If, it is contended, society were organized on these principles, man would not be limited in the free exercise of his powers in productive work by a capitalist monopoly, maintained by the state; nor would he be limited in the exercise of his will by a fear of punishment, or by obedience towards individuals or metaphysical entities, which both lead to depression of initiative and servility of mind. He would be guided in his actions by his own understanding, which necessarily would bear the impression of a free action and reaction between his own self and the ethical conceptions of his surroundings. Man would thus be enabled to obtain the full development of all his faculties, intellectual, artistic and moral, without being hampered by overwork for the monopolists, or by the servility and inertia of mind of the great number. He would thus be able to reach full individualization, which is not possible either under the present system of individualism, or under any system of state- socialism in the so-called Volkstaat (popular state).
……
As to their economical conceptions, the Anarchists, in common with all Socialists, of whom they constitute the left wing, maintain that the now prevailing system of private ownership in land, and our capitalist production for the sake of profits, represent a monopoly which runs against both the principles of justice and the dictates of utility. They are the main obstacle which prevents the successes of modern technics from being brought into the service of all, so as to produce general well-being. The Anarchists consider the wage-system and capitalist production altogether as an obstacle to progress. But they point out also that the state was, and continues to be, the chief instrument for permitting the few to monopolize the land, and the capitalists to appropriate for themselves a quite disproportionate share of the yearly accumulated surplus of production. Consequently, while combating the present monopolization of land, and capitalism altogether, the Anarchists combat with the same energy the state, as the main support of that system. Not this or that special form, but the state altogether, whether it be a monarchy or even a republic governed by means of the referendum.
(Emphasis added) 

Anarchism and conservatism are fundamentally at odds with each other. Conservatism seeks to preserve the hierarchies embedded in traditional social institutions: the patriarchal family, the church, the corporation, the military, the state, and the international sphere.

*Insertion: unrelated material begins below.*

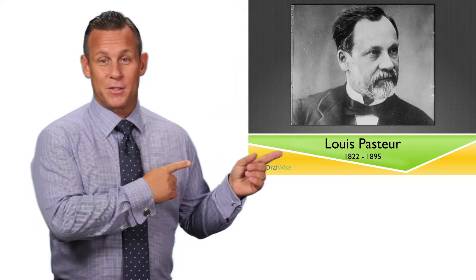Hi, I'm Keith Allen, President and CEO of OralWise, makers of Gum Chucks. And this guy is Louis Pasteur, one of the greatest benefactors of humanity, who discovered in the 1800s that the simple act of washing one's hands — just changing one small habit — could save literally millions of lives. In fact, it did.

Conservatism is not anti-statist or anti-government; rather, conservatism opposes efforts by the state to interfere with the hierarchies of the various social institutions. Correspondingly, conservatism supports the use of the state to enforce these hierarchies--by force if necessary. Anarchism, on the contrary, is firmly anti-statist, rejecting both the hierarchy of social institutions and the legitimacy and authority of the institutions themselves---and seeking to destroy them.